[Date Prev][Date Next][Thread Prev][Thread Next]
[Date Index]
[Thread Index]
- Subject: Re: io:lines() and \0
- From: Tom N Harris <telliamed@...>
- Date: Fri, 21 Feb 2014 03:06:49 -0500
On Friday, February 21, 2014 12:29:37 AM Philipp Janda wrote:
> I may be wrong, but isn't there some 16-bit encoding where every other
> byte is zero for ASCII characters (UCS-2, UTF-16, or something)?
>
That may be the case, but trying to read such an encoding will get you in
trouble because the CR+NL is represent in 16-bit characters also. So a line
would be terminated with the bytes (in little-endian mode) 0D 00 0A 00. fgets
will stop at the 0A which is a malformed character, then the next read will
start with 00 and the rest of your text is garbled.

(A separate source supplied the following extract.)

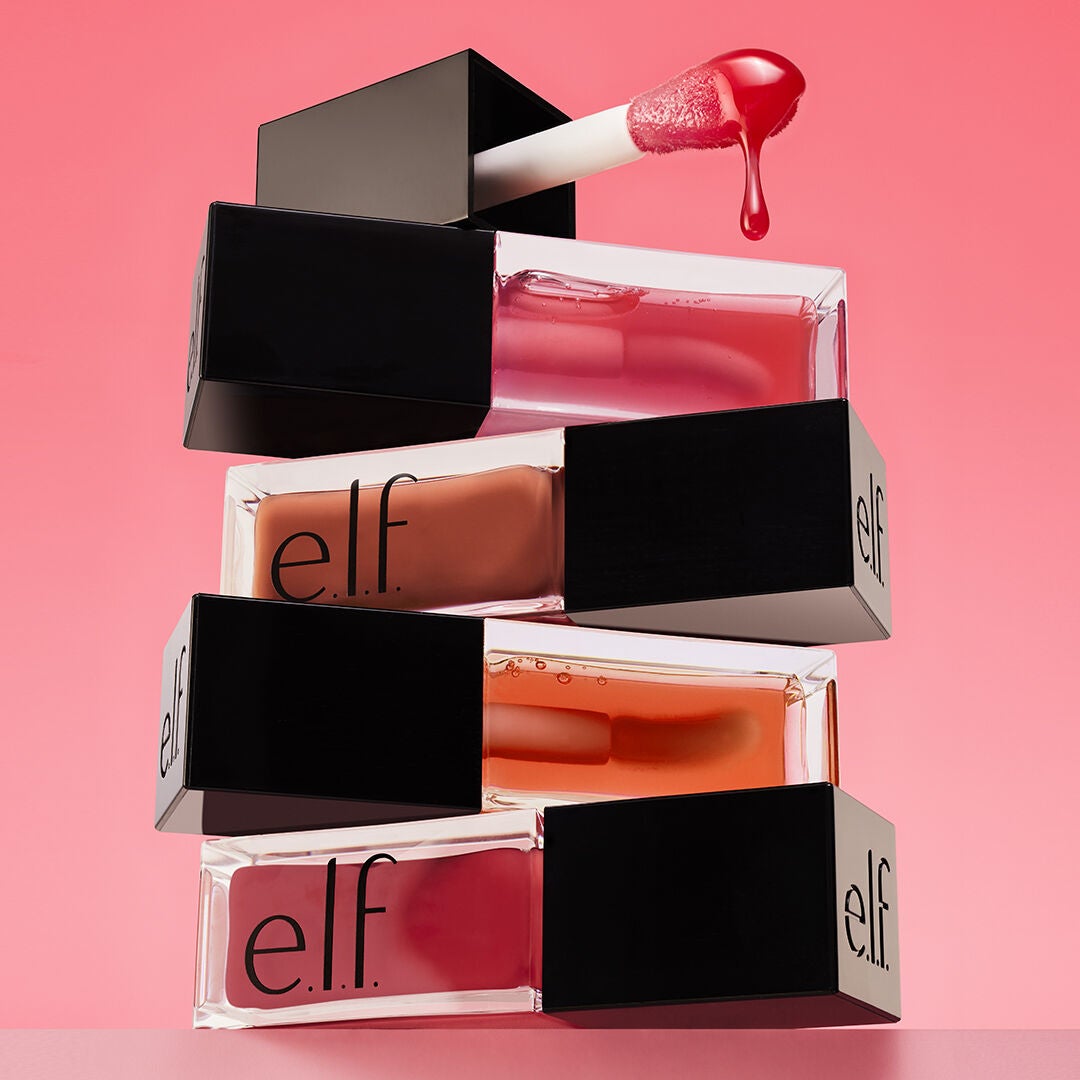 glow-reviver-lip-oil-s1 053023_SL_GlowRev_Fam_FOCUSSTACK-2RGB_IGF_a02f77a9-bf07-4a60-8c73-7b207cf9f12d.jpg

In no text encoding (that I know of) where an end-of-line is just 0A, and thus
can be read by fgets, does a valid string contain 00. Anything else must be
treated as not-text even if it is an encoding of text. Otherwise you'd break
the encoding like shown above.
There isn't a reliable way to recover a complete "line" that may contain any
byte using fgets. Any trick with padding will always run into the corner case
of a file ending with the padding character and no EOL. The replacements such
as getline are not part of C89. So to make the io library read those lines
(not only io.lines but file:read"*l") it would have to forego fgets and read
the file a byte at a time. Reading individual characters from a stream is
notoriously slow. So if you don't know that your file contains only text in a
simple encoding, you should treat it like arbitrary data and read large chunks
into Lua then split them.
The "fix", as was mentioned some days ago, is to add a note to the manual that
the line reading functions don't work if the line to be read may contain non-
text characters such as NULL, CR, or Ctrl+Z. In other words:
A man said to the doctor, "It hurts when I move my arm like this."
Said the doctor, "Then don't do that."
--
tom <telliamed@whoopdedo.org>